Tuesday, March 6, 2012

Not so simple...

At various times, certain City Councillors, and some other supporters of the deal between the City of Ottawa and Ottawa Sports & Entertainment Group, have suggested that the legal action taken by the Friends of Lansdowne is without merit and will be easily dismissed by the Courts. Although the Superior Court ruling was pretty quick, this is not proving to be the case for the appeal.
The appeal was heard by the Ontario Court of Appeal on November 28, 2011. Today, March 6 means we are in the fifteenth week of deliberation by the three judges who heard the appeal. Of course the Courts are busy and there may be any number of reasons that a decision has not yet been rendered.
But I think it is safe to say that, every day that goes by, the Friends become more optimistic (and maybe, just maybe, the City and OSEG become slightly more anxious).

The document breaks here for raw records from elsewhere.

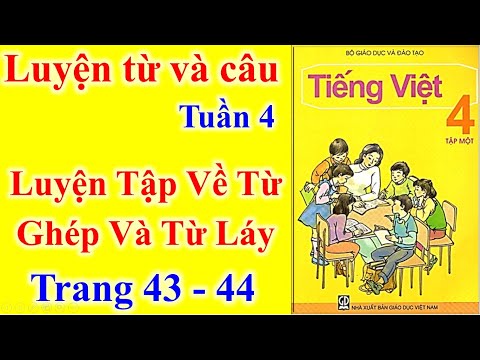 Video Tiếng Việt Lớp 4 Tuần 4 Luyện từ và câu - Luyện tập về... - YouTube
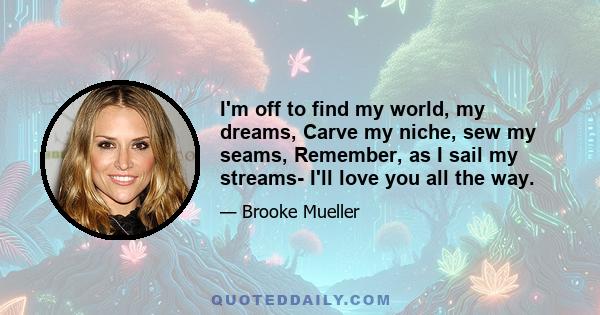 I'm off to find my world, my dreams, Carve my niche, sew my seams, Remember, as I sail my streams- I'll love you all the way.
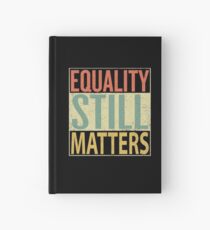 Equality Still Matters Hardcover Journal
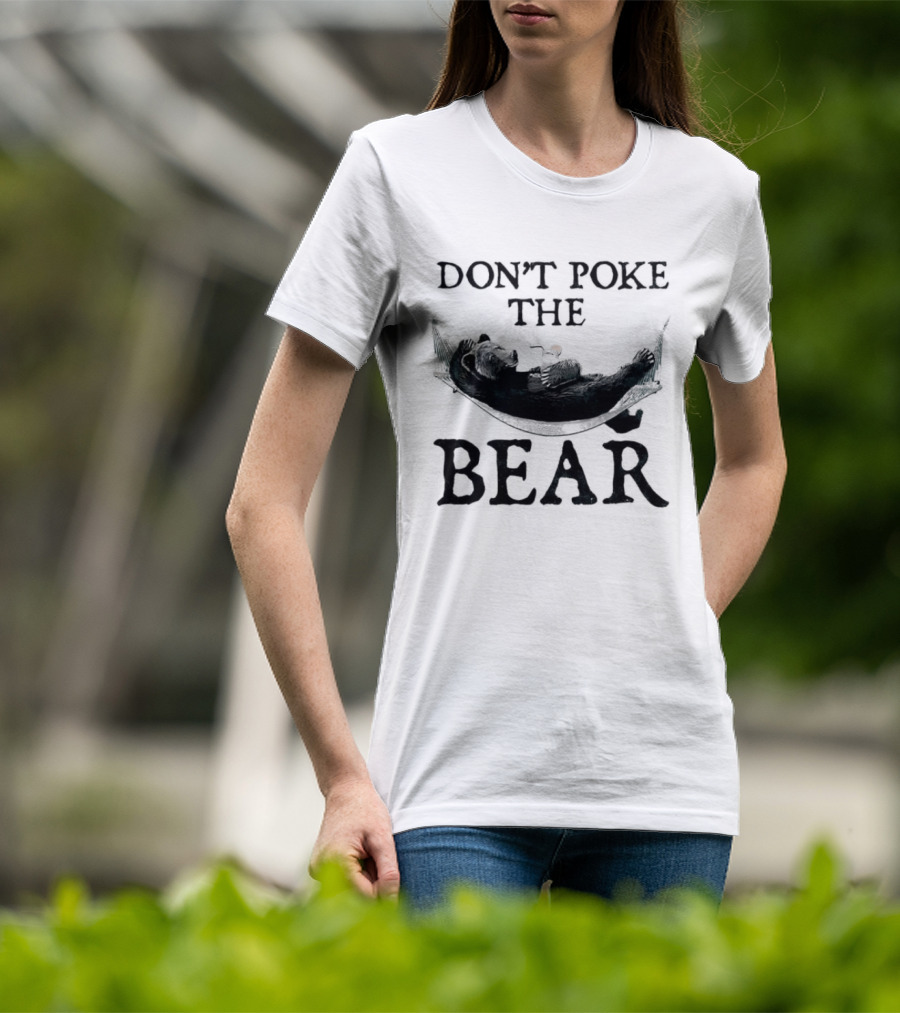 Don't Poke The Bear Black Bear Canoe Adventure T-Shirt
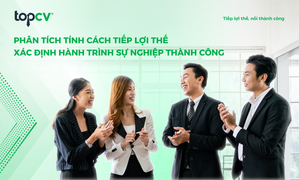 MBTI: Phân tích tính cách, lợi thế xác định sự nghiệp thành công
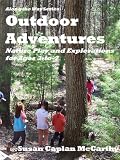 Outdoor Adventures: Nature Play and Explorations for Ages 3-to-7 (Along the Way)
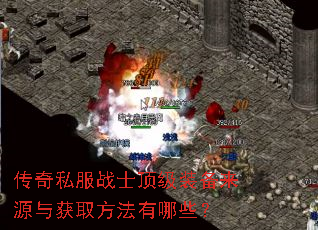 传奇私服战士顶级装备来源与获取方法有哪些? 传奇私服战士顶级装备来源与获取方法有哪些?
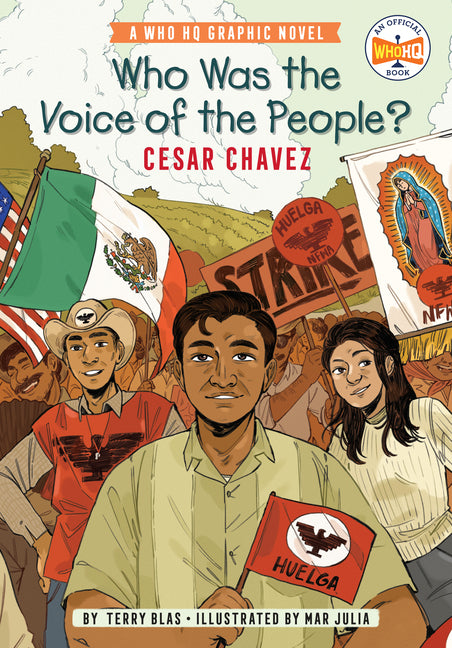 Book cover for Who Was the Voice of the People?: Cesar Chavez: A Who HQ Graphic Novel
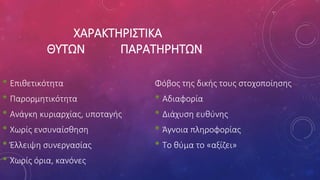 ΧΑΡΑΚΤΗΡΙΣΤΙΚΑ
ΘΥΤΩΝ ΠΑΡΑΤΗΡΗΤΩΝ
• Επιθετικότητα
• Παρορμητικότητα
• Ανάγκη κυριαρχίας, υποταγής
• Χωρίς ενσυναίσθηση
• Έλλειψη συνεργασίας
• Χωρίς όρια, κανόνες
Φόβος της δικής τους στοχοποίησης
• Αδιαφορία
• Διάχυση ευθύνης
• Άγνοια πληροφορίας
• Το θύμα το «αξίζει»
 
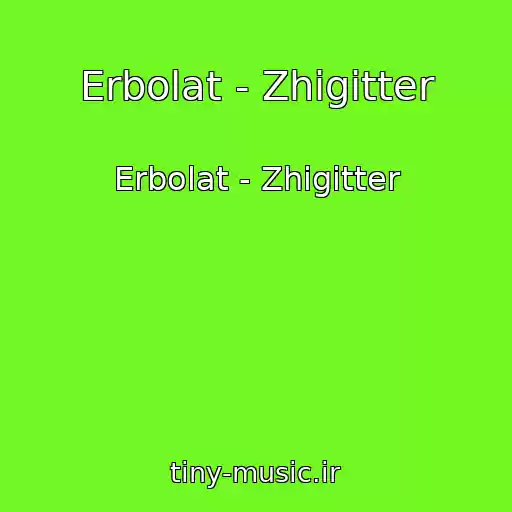 کاور آهنگ Erbolat - Zhіgіtter از Erbolat - Zhіgіtter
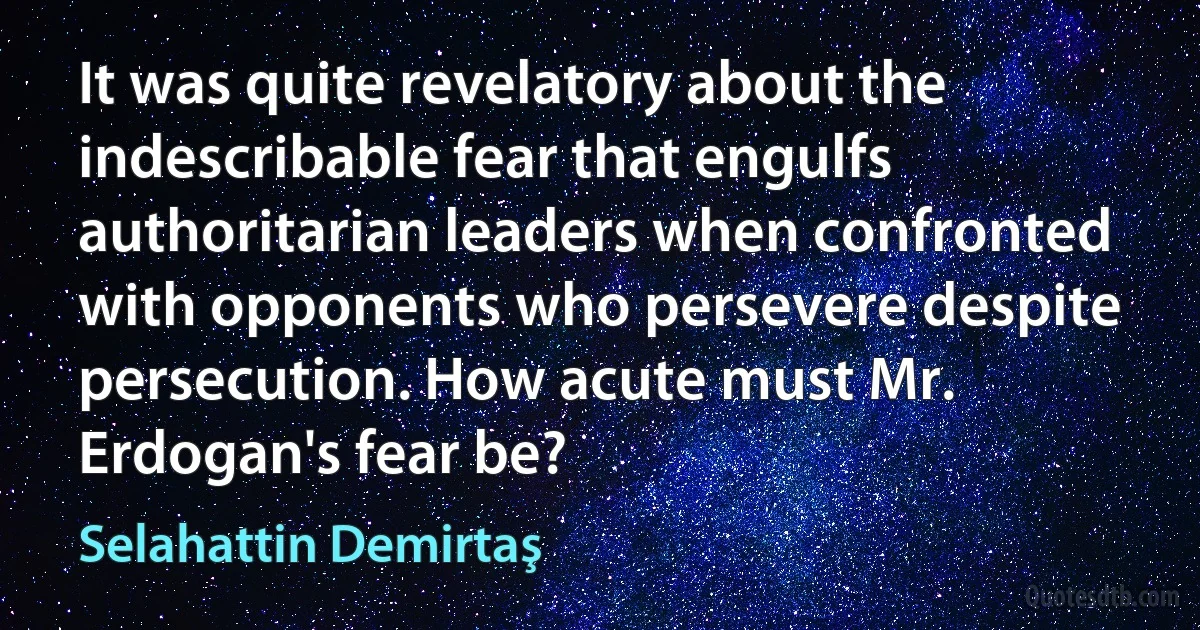 It was quite revelatory about the indescribable fear that engulfs authoritarian leaders when confronted with opponents who persevere despite persecution. How acute must Mr. Erdogan's fear be? (Selahattin Demirtaş)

Saturday, February 25, 2012

A really great landlord

I have already noted that the City of Ottawa is a wonderful landlord in its arrangement with OSEG. No rent is expected from the tenant until all of the tenant's other obligations have been addressed -- that is the nature of the City's "deemed equity" in the Lansdowne Partnership Plan: wait and get nothing until your partner is taken care of.
But it gets even better! City Council has just agreed to give the Ottawa 67's hockey club a cool $500 thousand per year for two years in which the 67's are to play at Scotiabank Place rather than at Lansdowne. The hockey team is being asked to move out so that the construction work at Lansdowne (including the long overdue repair of the leaking roof over the arena) can go ahead.
Nowhere in the staff report presented to Council is it suggested that the City is obliged to make any payment to the 67's. There is no mention of a lease that is being broken. Apparently the practice is simply that the City grants half a million dollars whenever it feels like it.
But the staff report is quite enlightening in what it does say about the relationship with its hockey team tenant. Because the 67's will be elsewhere, the City will not be receiving $150,000 in rent per year from the 67's organization. This is the first time I have seen a figure quoted; I have often wondered why Councillors have not asked how much the 67's are paying to use the Civic Centre.
The $150,000 figure is interesting because when the 67's are to return to Lansdowne, their annual rent will drop to $100,000 per year. (Want to check these figures? For the 150k, look in the staff report dated Feb. 8, 2012 called LPP implementation status update. For the 100k, go back to the Price Waterhouse "Business Plan for Transformation" dated Sept. 1, 2009.)
So when the City of Ottawa is your landlord, after spending millions fixing up the arena, the tenant is given a 33% discount on the rent. Isn't that wonderful?
And it gets even better. Where does the rent go? Here it is very difficult to know since so many details are hidden away, but in all likelihood the rent goes into the infamous waterfall -- an arrangement under which nothing trickles back to the City until all the financial dreams of OSEG are fulfilled. In other words, until the City starts getting any money, the rent from the hockey club is going to OSEG, which owns the hockey club.
Do I know that the rent goes into the waterfall? No, this is a guess. But the guess is probably right because of the way the rest of the deal is structured. The Feb. 8 staff report makes it clear that all the revenue from the naming rights for the stadium and arena is to go into the waterfall.  This is unusual. Normally the naming rights money would go to the owner of the building -- not in this case. Thanks to the clever negotiating skills of the City, the owner of the building who pays 100% of the renovation costs, the revenue from the naming rights will go to OSEG for years and years before a penny comes to the City.
Yes, if you're the right tenant, the City of Ottawa is truly a splendid landlord.

Sunday, February 19, 2012

Lansdowne Park - monument to neglect

On Friday night, hockey had to be cancelled - the roof was leaking. The 67's had to wait until Saturday afternoon because water was dripping into the Civic Centre - not just into the seats, this time the water was leaking onto the ice surface.
But water infiltration was nothing new, the City of Ottawa has known for years about the problem. Why has nothing been done?
For some reason, there are people running the show at City Hall who think that you have to build a supermarket before you can fix up City assets at Lansdowne Park.
Some of those people claim that the legal case brought by the Friends of Lansdowne has delayed needed maintenance at Lansdowne. This is nonsense. The City is at perfect liberty to go ahead and fix up the roof of the arena.
No, it is the obsession that we must first build a subsidized shopping centre, that has led the City to continue its neglect of its assets at Lansdowne Park.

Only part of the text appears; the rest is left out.